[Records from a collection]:
---

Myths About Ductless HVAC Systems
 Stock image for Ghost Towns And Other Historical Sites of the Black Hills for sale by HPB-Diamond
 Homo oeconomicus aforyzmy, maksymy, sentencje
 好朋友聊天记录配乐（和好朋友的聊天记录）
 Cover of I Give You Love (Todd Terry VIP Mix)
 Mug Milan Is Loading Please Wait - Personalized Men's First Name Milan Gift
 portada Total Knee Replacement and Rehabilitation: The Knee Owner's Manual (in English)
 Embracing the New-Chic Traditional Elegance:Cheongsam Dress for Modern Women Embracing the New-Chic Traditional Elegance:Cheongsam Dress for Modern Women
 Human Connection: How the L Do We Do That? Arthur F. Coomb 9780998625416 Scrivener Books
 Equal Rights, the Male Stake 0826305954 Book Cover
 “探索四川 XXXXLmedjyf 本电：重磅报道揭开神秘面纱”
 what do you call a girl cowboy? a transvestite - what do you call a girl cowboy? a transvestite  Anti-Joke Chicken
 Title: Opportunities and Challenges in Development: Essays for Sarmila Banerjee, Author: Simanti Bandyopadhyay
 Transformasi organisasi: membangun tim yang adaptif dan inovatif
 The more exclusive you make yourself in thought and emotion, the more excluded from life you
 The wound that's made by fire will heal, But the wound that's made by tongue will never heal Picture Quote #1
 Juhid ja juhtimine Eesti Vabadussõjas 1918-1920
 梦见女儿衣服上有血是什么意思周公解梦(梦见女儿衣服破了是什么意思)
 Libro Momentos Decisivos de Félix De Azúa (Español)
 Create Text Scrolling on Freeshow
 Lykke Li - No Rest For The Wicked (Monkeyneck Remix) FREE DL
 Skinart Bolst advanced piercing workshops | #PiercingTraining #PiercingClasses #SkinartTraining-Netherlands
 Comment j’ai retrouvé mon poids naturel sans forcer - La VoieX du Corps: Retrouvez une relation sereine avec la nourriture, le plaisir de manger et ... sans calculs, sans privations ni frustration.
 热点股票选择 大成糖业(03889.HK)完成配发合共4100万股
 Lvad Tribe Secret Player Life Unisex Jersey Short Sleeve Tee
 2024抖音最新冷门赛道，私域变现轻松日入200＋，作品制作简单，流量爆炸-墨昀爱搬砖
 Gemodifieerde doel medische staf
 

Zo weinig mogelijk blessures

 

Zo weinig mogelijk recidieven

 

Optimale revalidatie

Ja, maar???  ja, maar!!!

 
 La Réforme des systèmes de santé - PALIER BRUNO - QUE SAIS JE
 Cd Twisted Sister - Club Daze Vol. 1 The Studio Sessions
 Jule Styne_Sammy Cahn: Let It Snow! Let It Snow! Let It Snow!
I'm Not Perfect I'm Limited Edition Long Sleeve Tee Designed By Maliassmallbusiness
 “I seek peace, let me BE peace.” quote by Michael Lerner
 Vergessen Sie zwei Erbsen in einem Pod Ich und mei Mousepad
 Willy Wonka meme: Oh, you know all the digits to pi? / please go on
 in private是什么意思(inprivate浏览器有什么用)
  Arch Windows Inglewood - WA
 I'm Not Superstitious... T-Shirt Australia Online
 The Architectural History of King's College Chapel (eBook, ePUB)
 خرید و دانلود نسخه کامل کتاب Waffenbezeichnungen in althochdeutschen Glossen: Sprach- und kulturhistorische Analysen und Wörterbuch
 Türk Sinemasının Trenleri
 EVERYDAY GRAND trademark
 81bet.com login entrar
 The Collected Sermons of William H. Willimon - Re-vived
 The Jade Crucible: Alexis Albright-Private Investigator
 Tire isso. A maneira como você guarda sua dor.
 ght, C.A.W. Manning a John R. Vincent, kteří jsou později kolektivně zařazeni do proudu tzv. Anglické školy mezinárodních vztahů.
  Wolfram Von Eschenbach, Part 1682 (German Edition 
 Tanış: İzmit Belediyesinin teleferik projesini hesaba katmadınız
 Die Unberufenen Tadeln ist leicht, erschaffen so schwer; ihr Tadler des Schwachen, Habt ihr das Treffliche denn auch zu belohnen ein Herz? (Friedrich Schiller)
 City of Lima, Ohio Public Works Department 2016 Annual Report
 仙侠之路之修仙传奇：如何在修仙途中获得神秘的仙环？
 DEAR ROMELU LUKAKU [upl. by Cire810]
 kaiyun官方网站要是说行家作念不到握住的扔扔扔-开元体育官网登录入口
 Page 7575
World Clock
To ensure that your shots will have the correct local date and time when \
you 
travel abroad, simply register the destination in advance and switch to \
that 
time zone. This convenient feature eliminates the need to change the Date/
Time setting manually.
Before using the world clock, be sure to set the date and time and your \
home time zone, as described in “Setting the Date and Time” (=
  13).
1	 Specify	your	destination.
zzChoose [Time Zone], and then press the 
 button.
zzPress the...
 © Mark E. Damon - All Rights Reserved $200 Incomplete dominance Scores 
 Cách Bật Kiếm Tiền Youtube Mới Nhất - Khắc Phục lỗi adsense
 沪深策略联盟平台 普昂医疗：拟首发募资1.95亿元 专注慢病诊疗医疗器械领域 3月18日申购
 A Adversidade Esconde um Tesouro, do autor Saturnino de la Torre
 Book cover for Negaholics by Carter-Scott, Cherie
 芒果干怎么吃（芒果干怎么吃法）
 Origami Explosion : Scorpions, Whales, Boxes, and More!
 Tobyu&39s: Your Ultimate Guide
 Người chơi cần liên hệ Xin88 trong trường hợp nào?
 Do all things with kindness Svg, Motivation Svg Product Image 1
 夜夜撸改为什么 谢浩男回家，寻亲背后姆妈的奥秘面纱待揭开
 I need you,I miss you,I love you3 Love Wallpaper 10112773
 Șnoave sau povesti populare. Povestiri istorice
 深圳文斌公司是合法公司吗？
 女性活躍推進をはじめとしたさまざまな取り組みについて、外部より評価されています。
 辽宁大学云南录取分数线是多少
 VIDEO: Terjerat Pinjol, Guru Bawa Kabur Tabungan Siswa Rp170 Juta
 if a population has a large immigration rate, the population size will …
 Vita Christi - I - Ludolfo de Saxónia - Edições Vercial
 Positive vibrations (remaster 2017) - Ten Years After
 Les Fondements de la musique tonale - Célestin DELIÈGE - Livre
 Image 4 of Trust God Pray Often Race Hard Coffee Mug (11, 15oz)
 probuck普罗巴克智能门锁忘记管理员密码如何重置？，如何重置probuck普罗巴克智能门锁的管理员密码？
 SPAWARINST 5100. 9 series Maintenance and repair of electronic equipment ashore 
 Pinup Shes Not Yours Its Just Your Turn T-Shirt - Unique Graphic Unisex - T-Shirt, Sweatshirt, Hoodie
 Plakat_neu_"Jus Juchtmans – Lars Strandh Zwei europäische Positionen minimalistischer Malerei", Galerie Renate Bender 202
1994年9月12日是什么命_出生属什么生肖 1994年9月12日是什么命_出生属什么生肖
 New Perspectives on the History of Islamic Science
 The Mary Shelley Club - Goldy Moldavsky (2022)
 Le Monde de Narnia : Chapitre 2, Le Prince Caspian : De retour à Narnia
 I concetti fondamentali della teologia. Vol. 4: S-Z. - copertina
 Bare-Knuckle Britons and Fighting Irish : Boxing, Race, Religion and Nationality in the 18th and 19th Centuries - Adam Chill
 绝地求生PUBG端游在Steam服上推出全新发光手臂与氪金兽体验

---

[TASK DETAILS]:
Please transcribe only the lines in the records above running from the line that has "Arch Windows Inglewood - WA" through the line that has "深圳文斌公司是合法公司吗？", both included, exactly as they appear.

[EXERCISE SOLUTION]:
  Arch Windows Inglewood - WA
 I'm Not Superstitious... T-Shirt Australia Online
 The Architectural History of King's College Chapel (eBook, ePUB)
 خرید و دانلود نسخه کامل کتاب Waffenbezeichnungen in althochdeutschen Glossen: Sprach- und kulturhistorische Analysen und Wörterbuch
 Türk Sinemasının Trenleri
 EVERYDAY GRAND trademark
 81bet.com login entrar
 The Collected Sermons of William H. Willimon - Re-vived
 The Jade Crucible: Alexis Albright-Private Investigator
 Tire isso. A maneira como você guarda sua dor.
 ght, C.A.W. Manning a John R. Vincent, kteří jsou později kolektivně zařazeni do proudu tzv. Anglické školy mezinárodních vztahů.
  Wolfram Von Eschenbach, Part 1682 (German Edition 
 Tanış: İzmit Belediyesinin teleferik projesini hesaba katmadınız
 Die Unberufenen Tadeln ist leicht, erschaffen so schwer; ihr Tadler des Schwachen, Habt ihr das Treffliche denn auch zu belohnen ein Herz? (Friedrich Schiller)
 City of Lima, Ohio Public Works Department 2016 Annual Report
 仙侠之路之修仙传奇：如何在修仙途中获得神秘的仙环？
 DEAR ROMELU LUKAKU [upl. by Cire810]
 kaiyun官方网站要是说行家作念不到握住的扔扔扔-开元体育官网登录入口
 Page 7575
World Clock
To ensure that your shots will have the correct local date and time when \
you 
travel abroad, simply register the destination in advance and switch to \
that 
time zone. This convenient feature eliminates the need to change the Date/
Time setting manually.
Before using the world clock, be sure to set the date and time and your \
home time zone, as described in “Setting the Date and Time” (=
  13).
1	 Specify	your	destination.
zzChoose [Time Zone], and then press the 
 button.
zzPress the...
 © Mark E. Damon - All Rights Reserved $200 Incomplete dominance Scores 
 Cách Bật Kiếm Tiền Youtube Mới Nhất - Khắc Phục lỗi adsense
 沪深策略联盟平台 普昂医疗：拟首发募资1.95亿元 专注慢病诊疗医疗器械领域 3月18日申购
 A Adversidade Esconde um Tesouro, do autor Saturnino de la Torre
 Book cover for Negaholics by Carter-Scott, Cherie
 芒果干怎么吃（芒果干怎么吃法）
 Origami Explosion : Scorpions, Whales, Boxes, and More!
 Tobyu&39s: Your Ultimate Guide
 Người chơi cần liên hệ Xin88 trong trường hợp nào?
 Do all things with kindness Svg, Motivation Svg Product Image 1
 夜夜撸改为什么 谢浩男回家，寻亲背后姆妈的奥秘面纱待揭开
 I need you,I miss you,I love you3 Love Wallpaper 10112773
 Șnoave sau povesti populare. Povestiri istorice
 深圳文斌公司是合法公司吗？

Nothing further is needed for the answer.